Task :: For this exercise, copy exactly the lines below from the one with "Eaton 9SX1000G 1000VA" through the one with "Fishin Frenzy Christmas" and leave out the pictures.

___ Extracted data ___

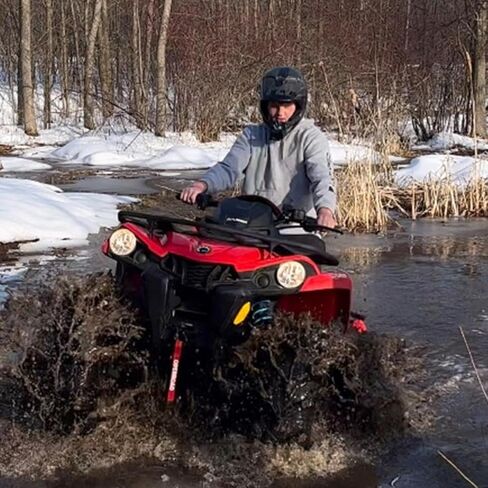 OPENROAD 4500 رطل ATV/UTV ونش، 12 فولت سحب ونش UTV كهربائي للطرق الوعرة مع حبل صناعي 1/4 بوصة × 50 بوصة، جهاز تحكم عن بعد لاسلكي وسدادة مطاطية (4500 رطل بحبل صناعي) in Kuwait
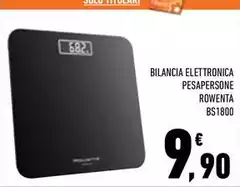 Rowenta - Bilancia Elettronica Pesapersone BS1800 Rowenta - Bilancia Elettronica Pesapersone BS1800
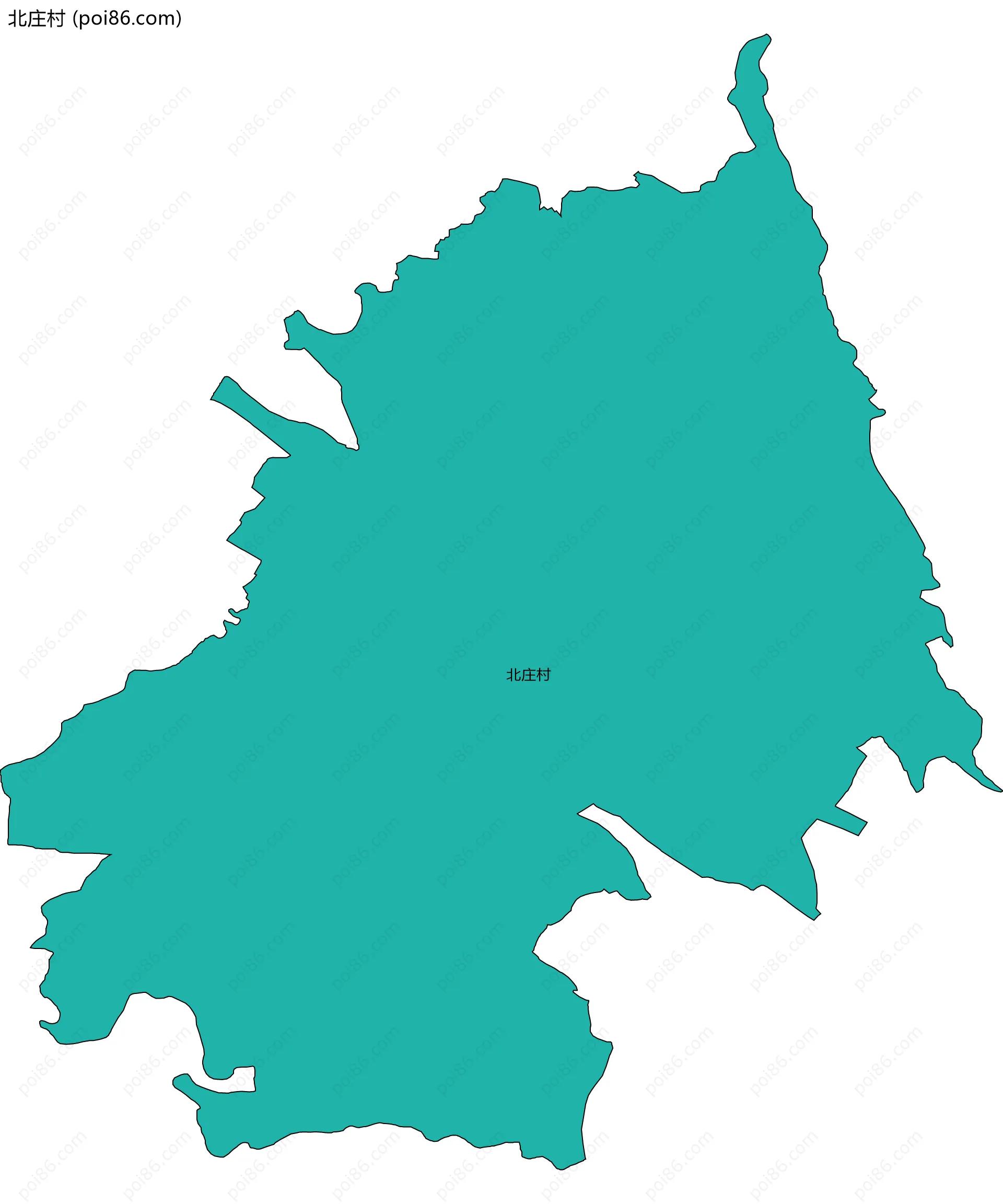 北庄村边界地图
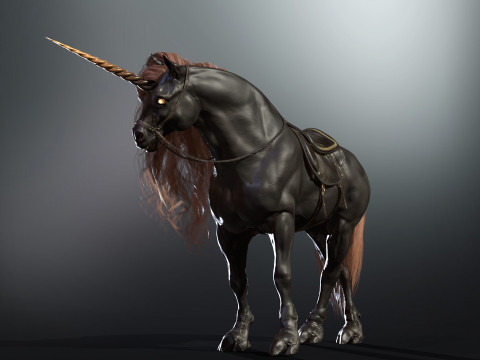 Dark Unicorn 3D Model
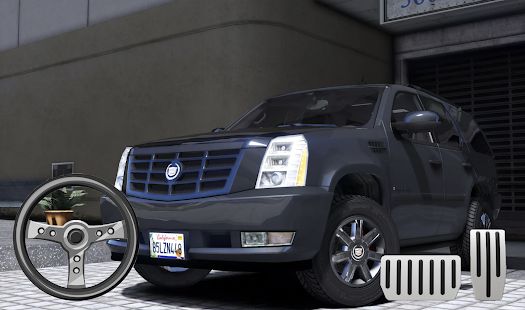 Скачать взломанную Drive Cadillac Escalade SUV - City & Parking версия 1.0 apk на Андроид - Много монет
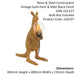 Vintage Gold Kangaroo Table Light - Resin Figure - Matt Black Lamp Holder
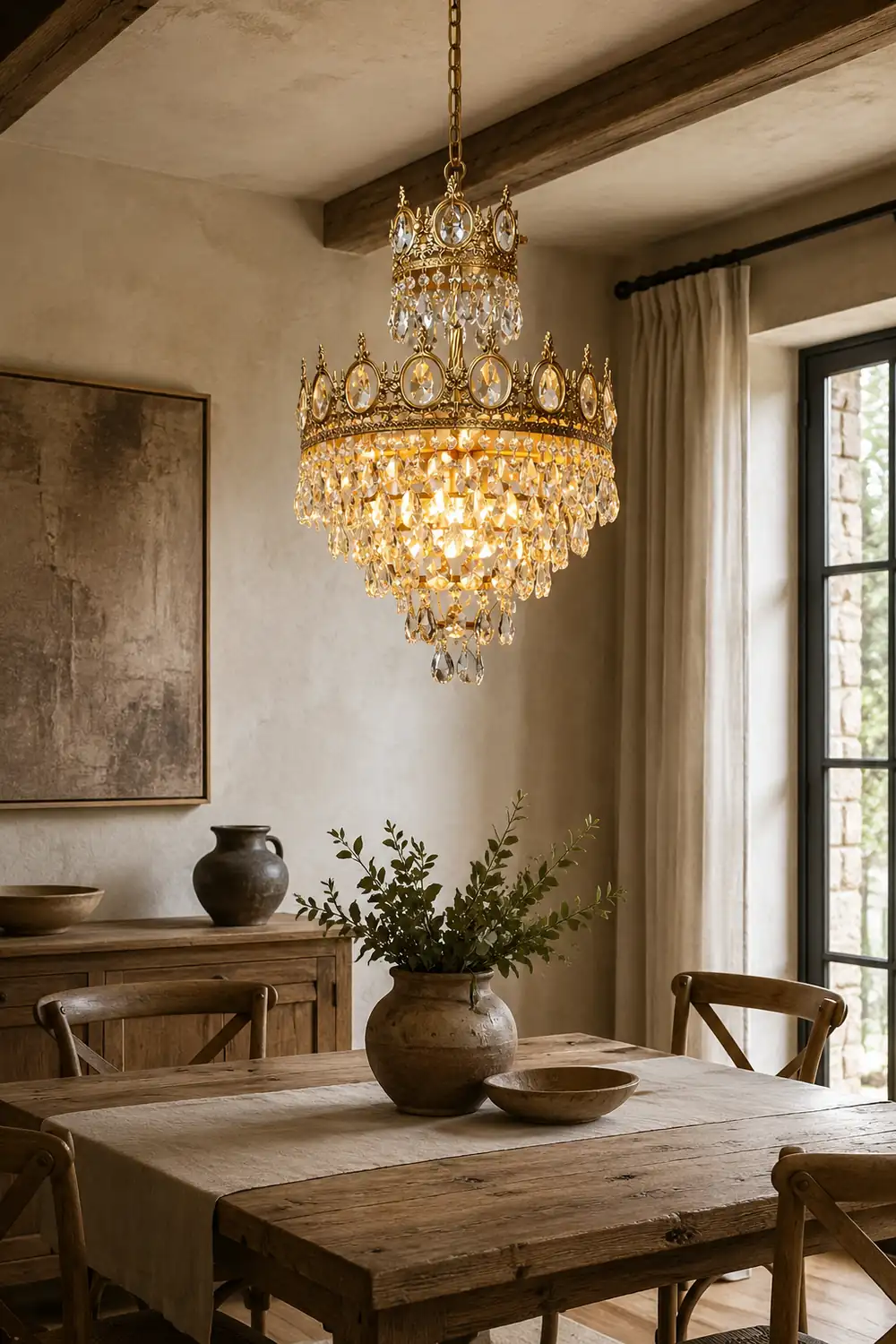 Linfort Brass Chandelier - Lumpaz
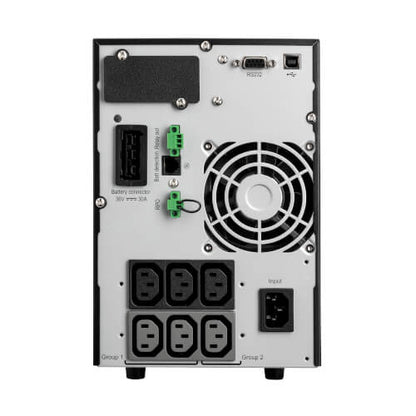 Eaton 9SX1000G 1000VA / 900W Online Double-Conversion UPS — Back view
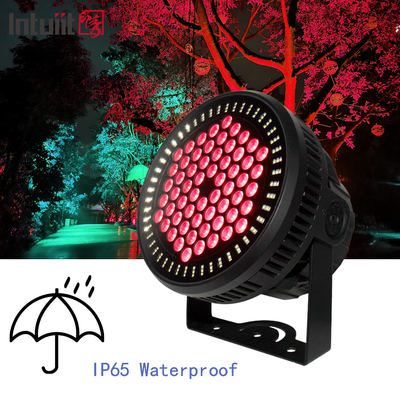 60*12W RGBW 4in1 IP65 Iluminação de palco DJ ao ar livre DMX LED à prova d'água Par luz para eventos Iluminação de concerto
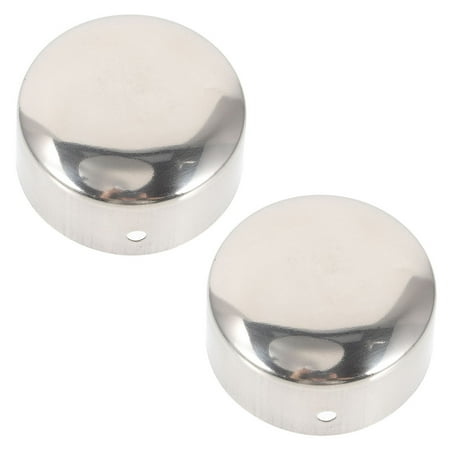 NUOLUX 2pcs Round Handrail End Plug Caps Hole Plugs Handrail End Caps for Wood Rail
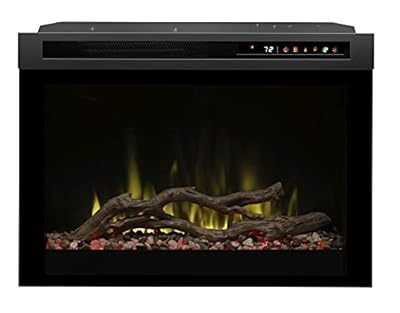 Dimplex 26 inch Multi-Fire XHD Pro Built-in Electric Fireplace with Acrylic Ice & Driftwood - Black, DF26DWC-PRO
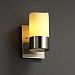 CNDL-8761-14-AMBR-MBLK - Justice Design - Dakota - One Uplight Wall Sconce AMBR: Amber Glass Shade Matte Black FinishCylinder/Melted Rim Shade - Candle Aria-Dakota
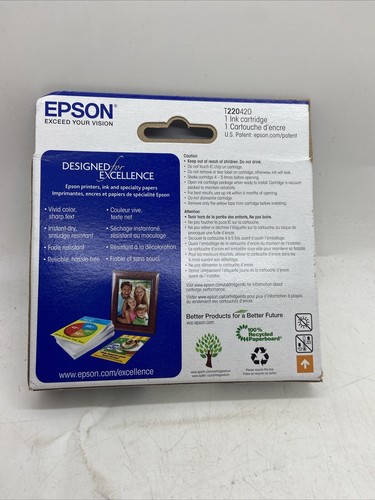 Cartucho de tinta original Epson 220 amarillo rendimiento estándar nuevo caducado 23/03 - Imagen 6 de 8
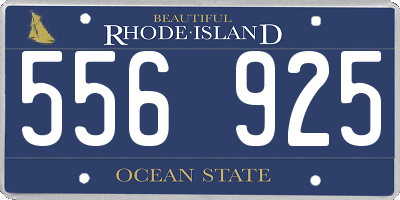 RI license plate 556925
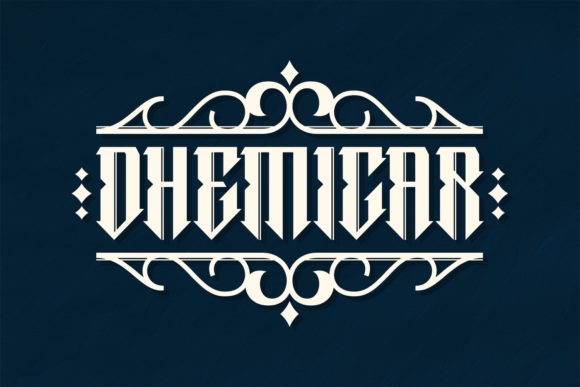 Dhemicar: A Blackletter Font for Bold, Unforgettable Branding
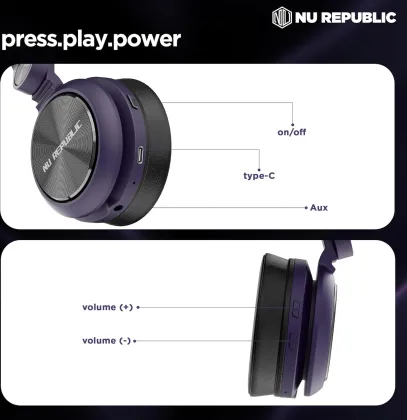 Nu Republic Starboy Wireless Headphones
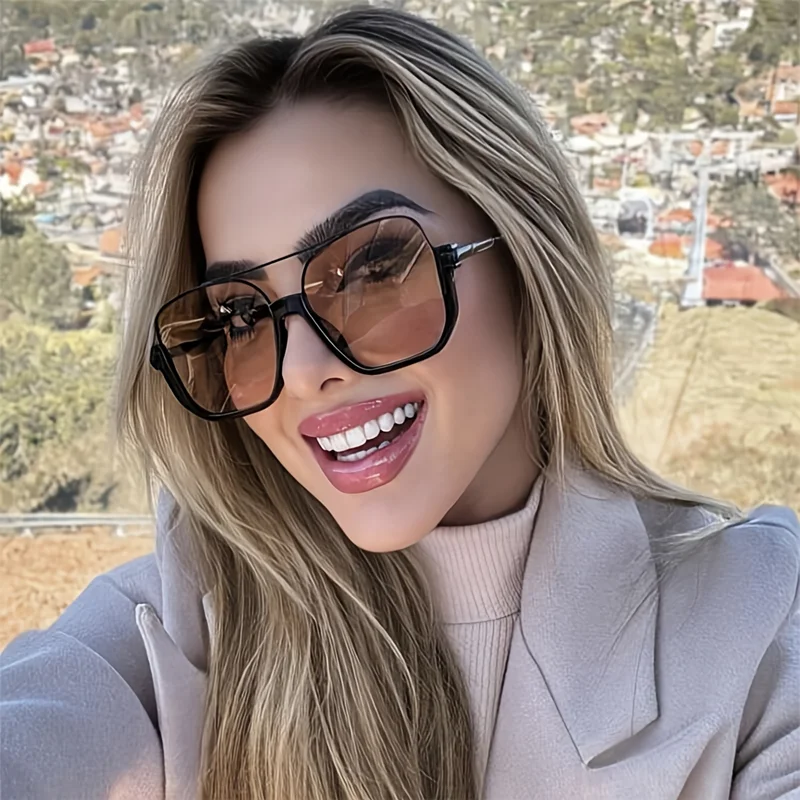 Vintage Fashion Enthusiasts - Neue Vintage Oversized Sonnenbrille, modische quadratische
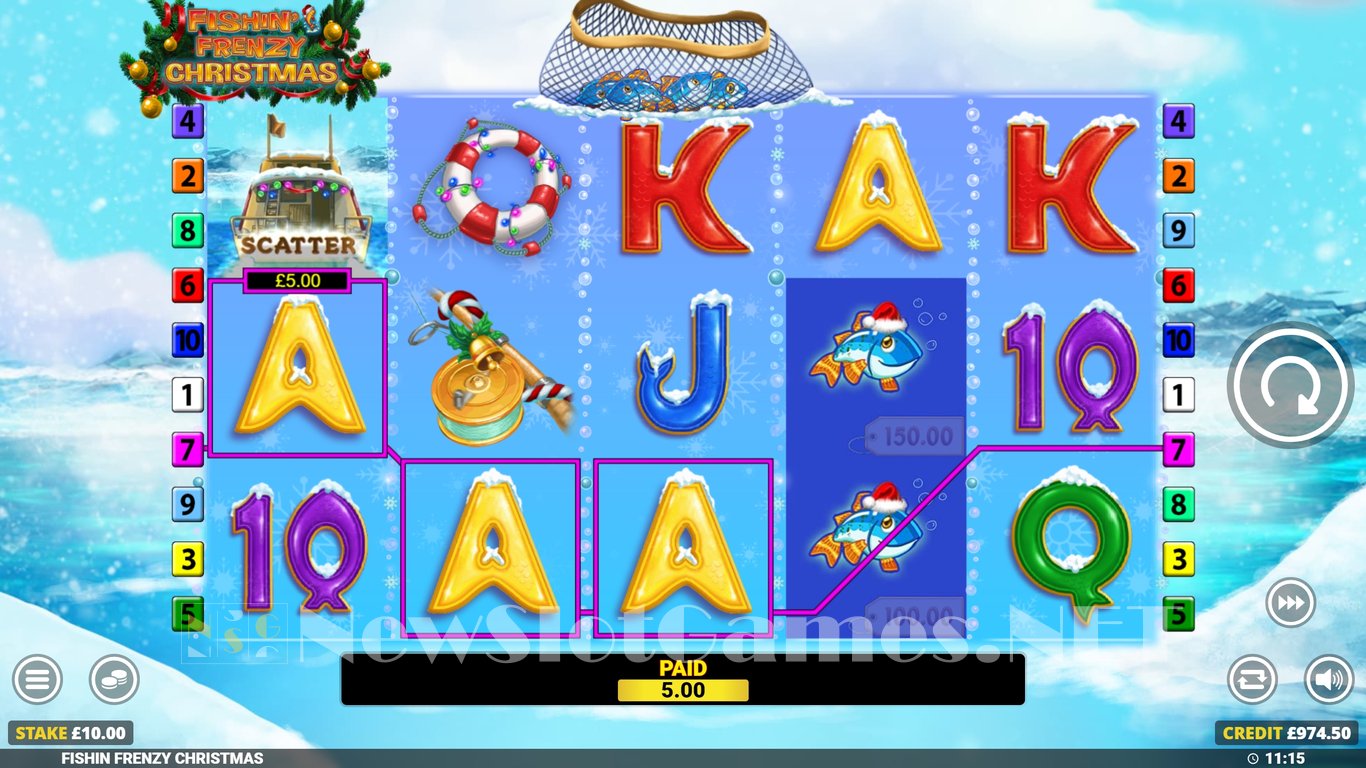 Fishin Frenzy Christmas Slot Slot Image in Demo - pic. 3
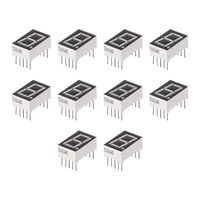 uxcell Display Digital Tube Module 1 Bit Common Cathode Red LED for Arduino MCU 10pcs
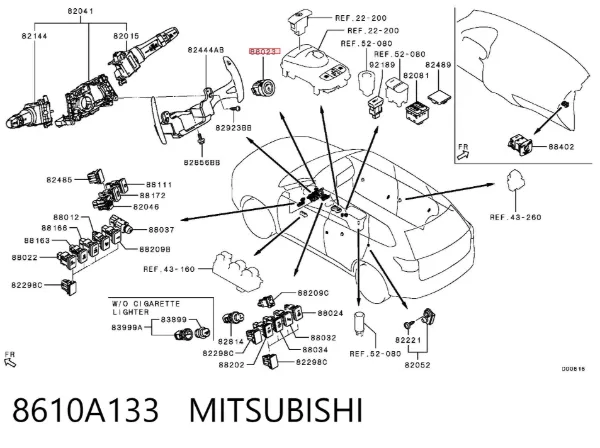  8610A133 Mitsubishi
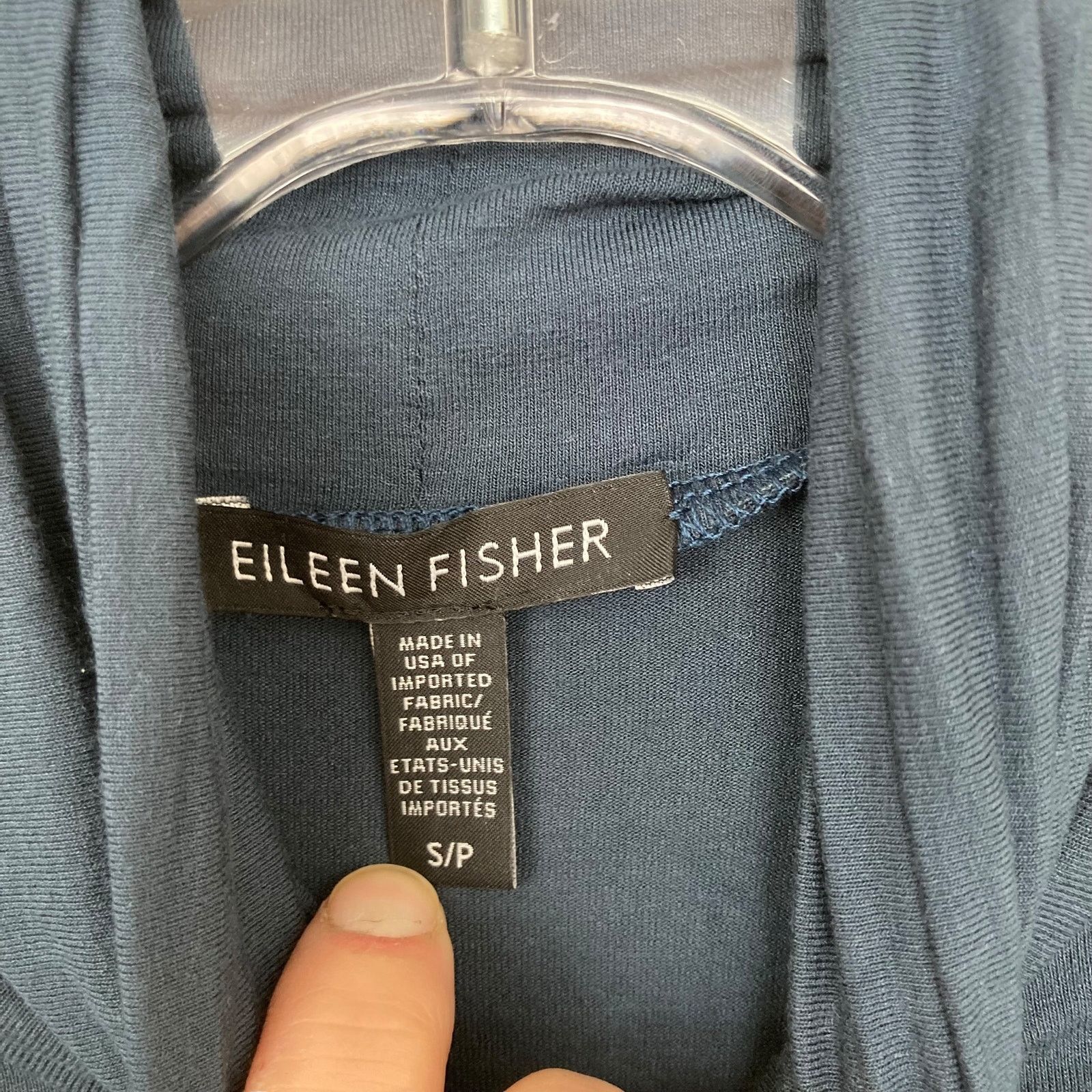 Eileen Fisher Eileen Fisher Blue Long Sleeve Turtleneck Sz S Size S / US 4 / IT 40 - 2 Thumbnail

___

Exercise response ::
 Eaton 9SX1000G 1000VA / 900W Online Double-Conversion UPS — Back view
 60*12W RGBW 4in1 IP65 Iluminação de palco DJ ao ar livre DMX LED à prova d'água Par luz para eventos Iluminação de concerto
 NUOLUX 2pcs Round Handrail End Plug Caps Hole Plugs Handrail End Caps for Wood Rail
 Dimplex 26 inch Multi-Fire XHD Pro Built-in Electric Fireplace with Acrylic Ice & Driftwood - Black, DF26DWC-PRO
 CNDL-8761-14-AMBR-MBLK - Justice Design - Dakota - One Uplight Wall Sconce AMBR: Amber Glass Shade Matte Black FinishCylinder/Melted Rim Shade - Candle Aria-Dakota
 Cartucho de tinta original Epson 220 amarillo rendimiento estándar nuevo caducado 23/03 - Imagen 6 de 8
 RI license plate 556925
 Dhemicar: A Blackletter Font for Bold, Unforgettable Branding
 Nu Republic Starboy Wireless Headphones
 Vintage Fashion Enthusiasts - Neue Vintage Oversized Sonnenbrille, modische quadratische
 Fishin Frenzy Christmas Slot Slot Image in Demo - pic. 3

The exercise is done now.